In other words, I think I have a working Gitlab-on-k3s setup using Vagrant. In case you want to try for yourself...

Needs a LOT of cleanup, but once that is done, I'll publish to the usual places (codeberg, github).

@johanneskastl imo GitLab is just a bit too complex, for many org. I had a client with on-premise rpm based installation. Every upgrade was a pain, as they are on 15.x migration docker-based installation is a challenge 🙂
Of small org I feel much better with #forgejo or #onedev.

Johannes Kastl

@jwolynko When it comes to on-prem, GitLab still seems to be the preferred solution (GitHub enterprise seems to be deprecated, thank the universe for that). I personally am running Forgejo wherever possible.

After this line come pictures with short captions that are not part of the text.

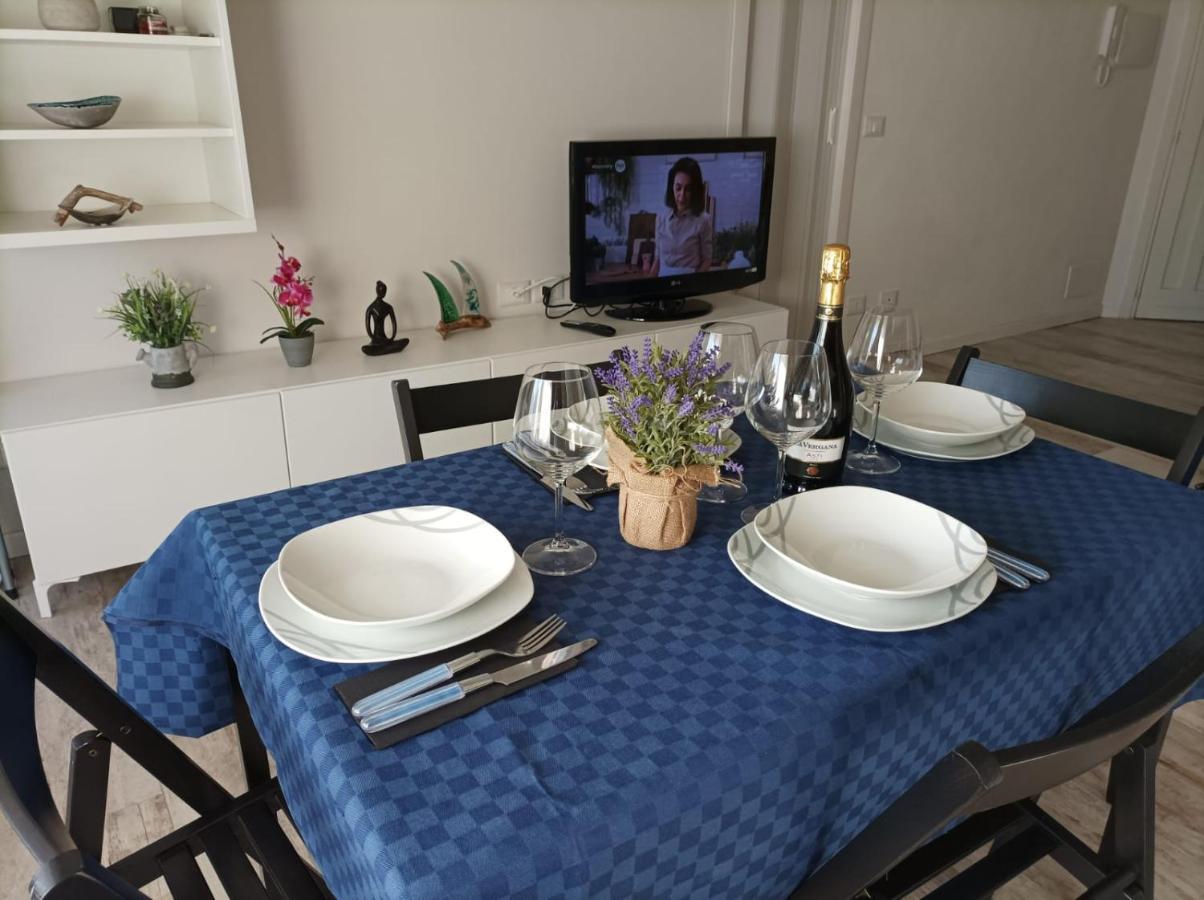 Lake View Studio Flat Riva del Garda Bagian luar foto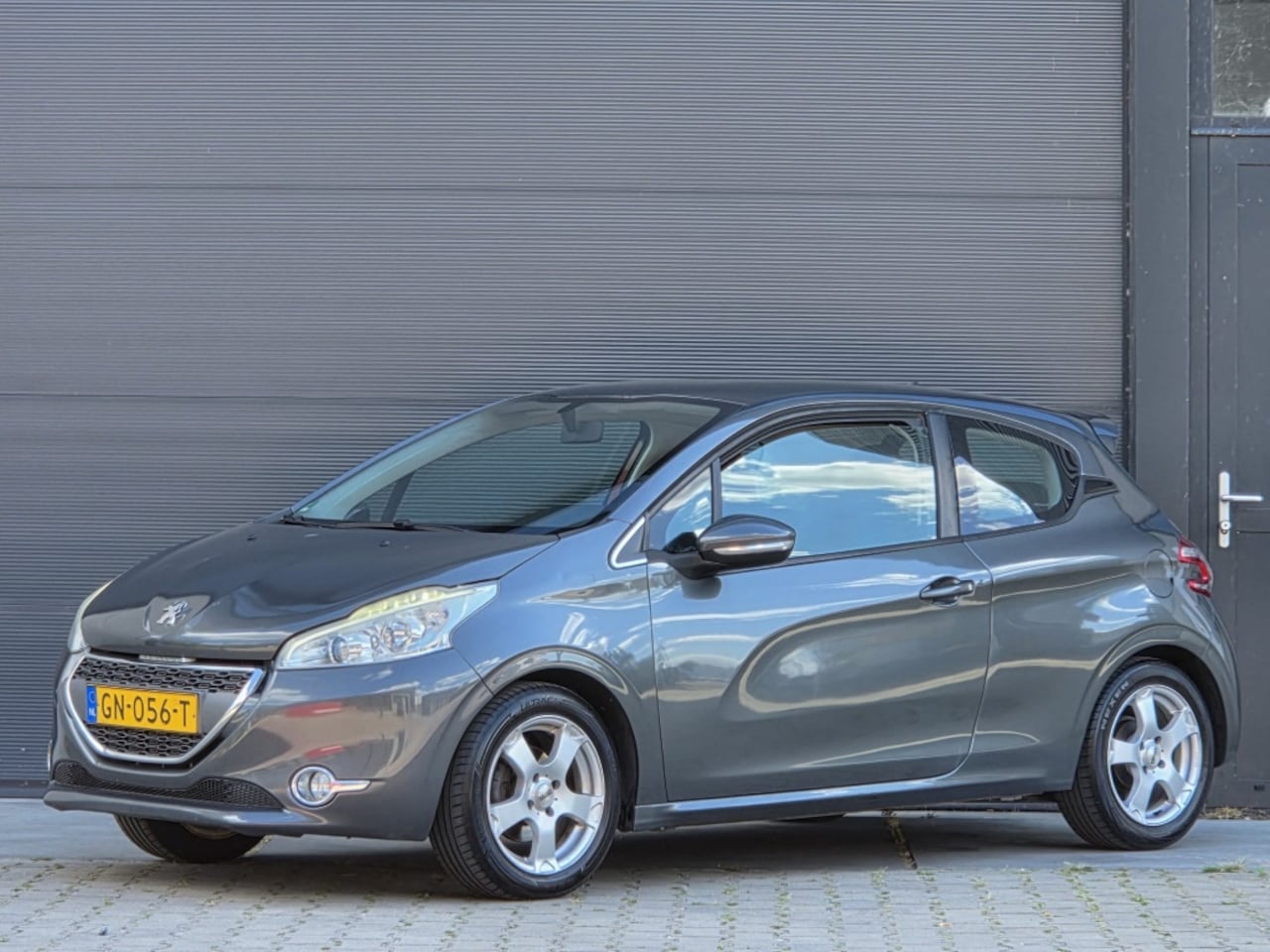 Peugeot 208 - 1.2 VTi Access airco, cruise, apk 27! - AutoWereld.nl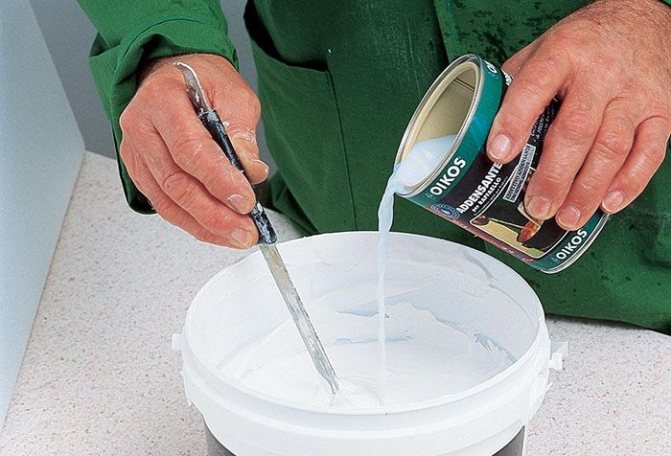 Pintar los marcos de las ventanas sin quitar la pintura vieja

But most of the customers I know do run some form of GitLab. And I wanted to make sure I had a working test setup, whenever I need one. Currently I wanted to do some testing for GitLab runners on Kubernetes.

The package based ones are pretty simple to setup (not talking about maintenance, of course).

codeberg.org/johanneskastl/git
codeberg.org/johanneskastl/git

Codeberg.orggitlab_vagrant_libvirt_ansibleVagrant-libvirt setup with a VM that is running a Gitlab instance

@johanneskastl thanks for sharing I will save it just in case!
And you’re right in case of real enterprise ready solution GitLab is very popular solution.
I had some projects 2/3 years ago with GitLab workers on OpenShift, beside the privileges challenge it way very smooth, so I believe Kubernetes version will be much more flexible! Good luck then!